It’s a Friday night, and after dinner I take out the trash and lock myself out of my apartment. The apartment manager’s not home, and I don’t expect her anytime soon since it’s a Friday night. The only other person who has my apartment key is in Chennai, India. My cell phone is locked inside. I’m wearing pajamas, and I have to pee.
After a few minutes of sitting alone outside, defeated, I suddenly realize I had opened my bedroom window a crack to let in some fresh air. It might be possible to break in by removing the screen.
I wade through weeds, spiders, and an abandoned toilet behind my classy apartment building. I pry the screen off with a small shovel, the only tool I can find on my porch, and drag my broken lawn chair to below the window. I hoist myself up and stick my head in to survey the landing area.
It is at this point that I realize I have just broken into my neighbor’s apartment. Yes, that’s right, they’d also opened up their window a crack to let in some fresh air and burglars. I quickly (and quietly) replace their screen and move on to the next apartment I need to vandalize.

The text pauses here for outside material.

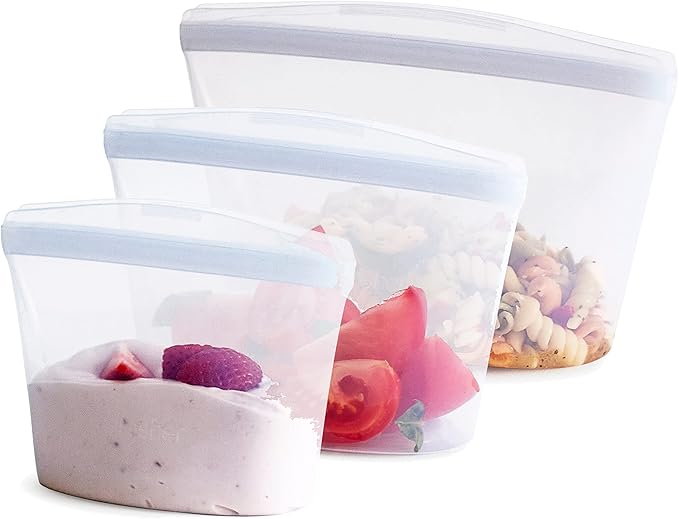 Stasher Reusable Silicone Storage Bag, Food Storage Container, Microwave and Dishwasher Safe, Leak-free, 8 Cup & Reusable Silicone Storage Bag, Food Storage Container, Microwave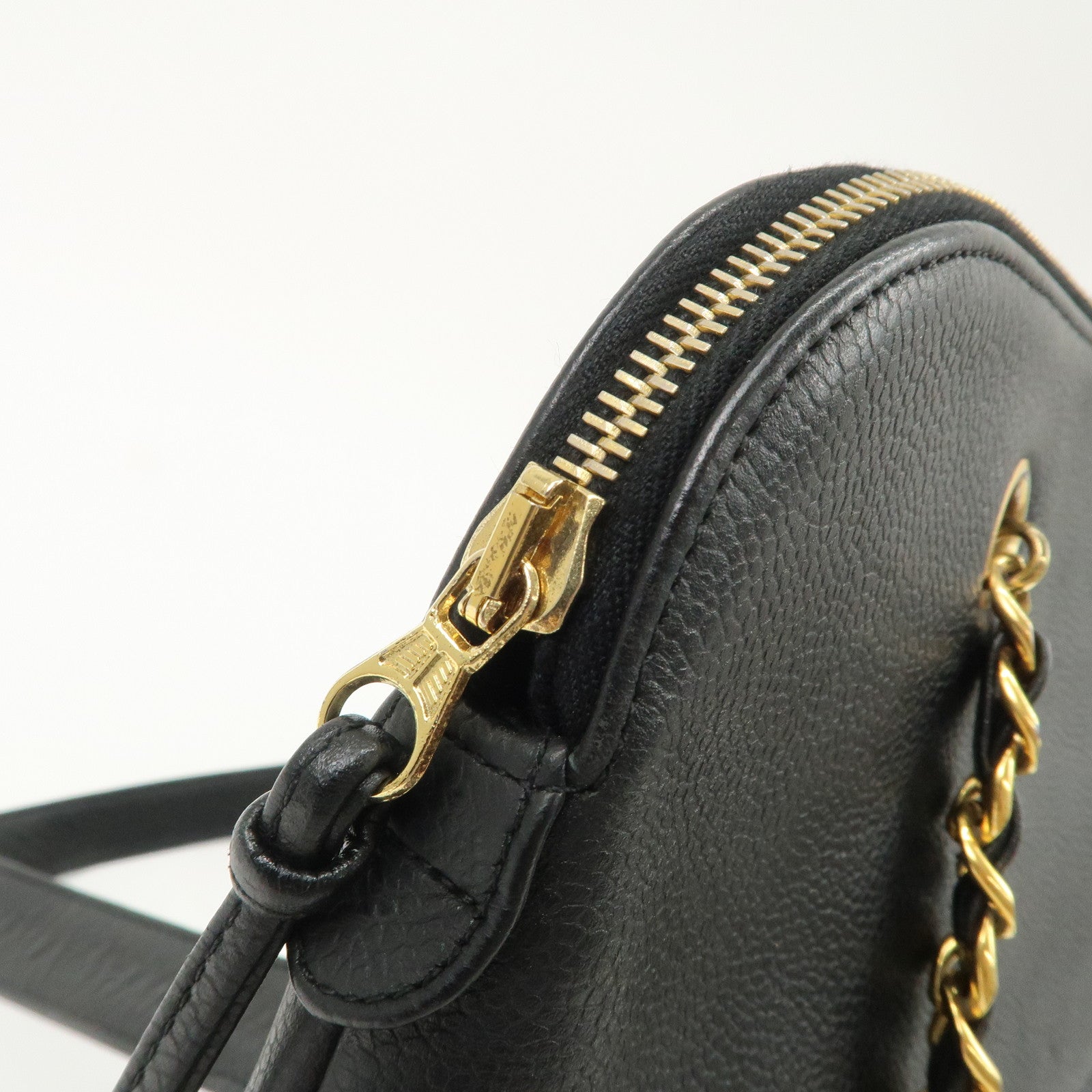 CHANEL COCO Mark COCO Ball Leather Chain Tote Bag Black A03578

By now I have it down. In less than five minutes, I successfully fall to my bedroom floor. I wonder if my neighbors have called the cops and whether they’re going to perform fingerprint analysis on the screen door. I try to decide whether I should waive my Miranda rights or ask for a lawyer. After putting clothes on and relieving myself, I go see if my neighbors are home. They are, and they inform me that they hadn’t heard a thing. I not only managed to break into two apartments within a half hour, I did it stealthily. I am thrilled to know I have other marketable skills besides editing, which is my day job. Imagine what I could do with some lock picks and a blowtorch.